L’insistance mise par le conférencier à dessaisir le logos humain de toute possibilité (aussi bien métaphysique que physique) de saisir Dieu (positivement comme négativement) et donc à renvoyer Dieu à une événementialité ontologique pure, ce qui le rend logiquement insaisissable comme tel (indéfinisssable, indéductible, imprévisible et donc proprement « impossible »), fait alors surgir la question de savoir si l’on peut réellement ainsi exiler Dieu de tout possible.
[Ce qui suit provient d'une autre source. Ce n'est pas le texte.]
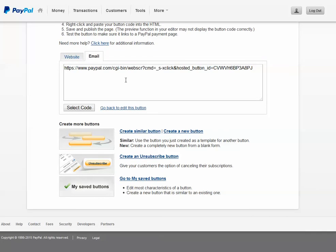Now this option does not redirect them back to your web page or anything like that. It's simply for collecting monies on a recurring basis.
Sans éconduire cette question purement logique puisqu’il accorde que d’autres logiques que la logique formelle classique (bivalente) non seulement sont possibles mais existent bien, qui déplacent la ligne de démarcation stricte entre le possible et l’impossible en reformulant le principe de non-contradiction, le conférencier tient à reconduire l’auditoire à l’intention essentielle de son propos qui est d’attirer l’attention sur le caractère trop strictement rationaliste de la métaphysique classique et sur l’urgence de sortir d’un tel logocentrisme en faisant toute sa place à l’impossible : seule une expérience phénoménologique peut révéler (donner) l’événement comme étant « l’impossible qui est effectif sans passer par la possibilité », ce qui permet d’échapper à la réduction illégitime du discours sur Dieu, et même de toute la philosophie, à la modalité ontologique du discours sur l’Être de la métaphysique générale.

Mais la question est alors posée du statut d’un tel discours, qui relève à la fois de l’ontologie (en ce qu’il porte quand même sur l’être de Dieu) et de la logique (en ce qu’il porte sur la notion, la question ou encore l’idée de Dieu), et qui semble bien conclure de l’impossibilité logique à une impossibilité ontologique (« Dieu c’est l’impossible ») qui suffirait, paradoxalement, à établir et garantir l’effectivité événementielle de ce dont il est ici question (Dieu) en une quasi-preuve de l’existence de Dieu, pourtant sévèrement soumise par ailleurs à une critique radicale dans sa prétention et ses opérations classiques. Ne conviendrait-il pas alors de distinguer entre un discours ontologique sur Dieu, qui prétend bien dire la vérité à propos de son essence et même de son existence (pour le déterminer comme étant l’impossible, par exemple), et un discours logique sur l’idée de Dieu, qui en recherche le sens pour l’existence humaine, sinon la phénoménologie qui reconduit la théologie à la Bible ne se trouverait-elle pas elle-même reconduite à la religion ? Jean-Luc Marion tient alors à dénoncer la vaine querelle qui est faite à la phénoménologie d’avoir pris « un tournant théologique » (voir Le tournant théologique de la phénoménologie française, D. Janicaud), en déclarant que la phénoménologie n’a pas de vocation religieuse particulière et que son intention la plus profonde est d’élargir la rationalité philosophique à de nouveaux champs de l’expérience humaine.

Il resterait alors sans doute à toujours veiller à bien distinguer et articuler ce qui dans la pensée phénoménologique relève de la philosophie, de la théologie et de la religion, pour que « la voie proprement philosophique » n’y soit pas confondue avec d’autres et qu’à l’école de la phénoménologie se poursuivent des recherches logiques mais aussi éthiques qui soient autant soucieuses de l’unité de la raison que de sa diversité.